Imagining and Imaging Space with Debbie Chan
Debbie Chan is a Singaporean artist whose practice spans text, publication, video, and emails. Her training as a designer informs her investigations into art conventions, through which she reveals and challenges aesthetic and conceptual tropes. For this interview we spoke about collaboration, the critical use of art mediums, and the role of memory and imagination in our perceptions of space.
Image 01, Some of All Things (2020) click here for full seriesSena Cleave: Let's talk about a recent work, Some of All Things. In it, there's this tension from working from lived experience. You have to balance what you want to be public and what you want to remain private.
Debbie Chan: I was working through some difficult experiences at the time, so I tried to imagine how other people might relate to my work. I always think of how I can pull people into an image even if they don't have the same experiences as me, so I try not to be too specific. Humour has been a great tool for this. People are drawn to humour, and it takes some of the pressure off a work from becoming too focused on my own experiences.
SC: You shot a video of yourself packing and unpacking a suitcase in a confined space. Then consecutive frames of that video became four grid images washed in purple. The title is a clever way to point back at the materiality of video. For me, it suggests that each section of the grid represents part of a moving image, and that the gestures captured within these frames also represent parts of a larger process of packing and unpacking. Sometimes we forget that video has material, and that it can be broken into tangible parts.
DC: Videos shot by phone cameras have become mundane. We don't always consider the phone camera 'artistic,' so it's easy to lose our critical approach to it. I like to take materials as they come; I use whatever I have readily available and play around with it. In 2020, I did my own version of mail art, but through email. While you and I were working together on a project where we posed as curators of our own class' critique day, I sent out this email, which copied the format and the aesthetics of SFU's official notices, to our studio's mailing list.
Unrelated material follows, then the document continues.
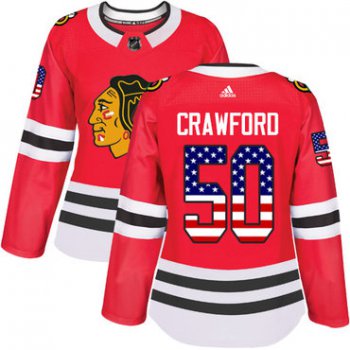 Adidas Chicago Blackhawks #50 Corey Crawford Red Home Authentic USA Flag Women's Stitched NHL Jersey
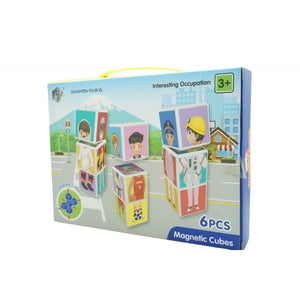 Set inteligent de cuburi magnetice pentru copii, 6 piese, cutie depozitare, puzzle joburi, +3 ani, multicolor-0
But instead of useful information, it detailed rules of use for a room you and I had made up. It developed from the ideas of rejecting art world conventions and resisting the commodification of the art object.
SC: Email is the opposite of a commodity, right? Like video, it's not immaterial, but you can't exactly purchase it either. And your email caused a bit of a stir among the admins of the school. Elspeth Pratt contacted our teacher with security concerns!
DC: She did? I forgot about that!
SC: That was the best part of the project! Your design was super convincing.
DC: I remember for that project we spoke about curation as art. We were playing with the form of the art exhibition, and of our studio space at 611 Alexander Street.
SC: Our invented room was a way of becoming aware of the real spaces we occupy. It's the same gesture as in Some of All Things, where you use the infrastructure available to you so the final piece points back at itself and at the way it was made.
Exhibition map including imagined room at 611 Alexander Street (Imagined room diagonally above and to the right of the entrace)DC: And it was a fun way to force our classmates to collaborate with us! Part of making this fictional room was to draw it into the exhibition map we made for the day of the critique. So we bullied our peers into telling us their work titles weeks ahead of the due date. We had to make sure we didn't accidentally place one of their works on the fake walls in the map.
SC: And on the day of the critique, I think everyone became more aware of the studio, because there was a process of discovering the walls we added into the map.
DC: It wasn't initially clear we had changed anything. For me, it was about how we remember a space. It was important for our exhibition map to be used while standing inside the studio.
SC: Right. Without the space, the map was useless, and without the map, our room wouldn't exist.
DC: This work is site-specific, but maybe not in a conventional sense. Rather than engage with the histories or the material state of 611 Alexander, we made work about art-making and art presentation spaces in general. We broadened our idea of a site not only to include the imaginary, but also to include the conventions of presenting and archiving in art spaces.
SC: And there was also a broader question about a distinction between what we consider to be real and what we think is fake, or imaginary. There was this nice moment where the class decided that we would all crowd inside the room we had created, and the walls started to feel real.
DC: It was like when you're reading a book, and you're able to imagine the scene being described. It's similar to painting an image.
SC: That takes us back to the idea of materiality. We think of pictures and paintings as having a certain tangible form, and our room started to present itself that way. Maybe our imaginations are material things! We recently read for class an interview of Heba Amin by Anthony Downey, who says "an archive is never about the past as such, it is a device for determining how the past will be defined in the future - and to this end, all archives are future-oriented."¹ This seems relevant to the map we made. I think our room changed our memories of the space, and doesn't that change the space itself in some way?
DC: It's funny that we're looking back on it. Maybe this interview shows our project worked! We constructed a room by creating a document about it, and it became embedded into our memories. When we were making the work, we joked that if somehow 611 were destroyed, and all that was left of it was our exhibition map, our room would become part of the history of that building. This authorial potential of documents and archives really excites me. Maybe it comes from my interest in fantasy fiction books. Good stories can make me believe in the reality of its characters and the worlds they inhabit. Once you begin guessing what a character will do next, that's when it becomes very real, and there's so much potential in this space we create in our minds.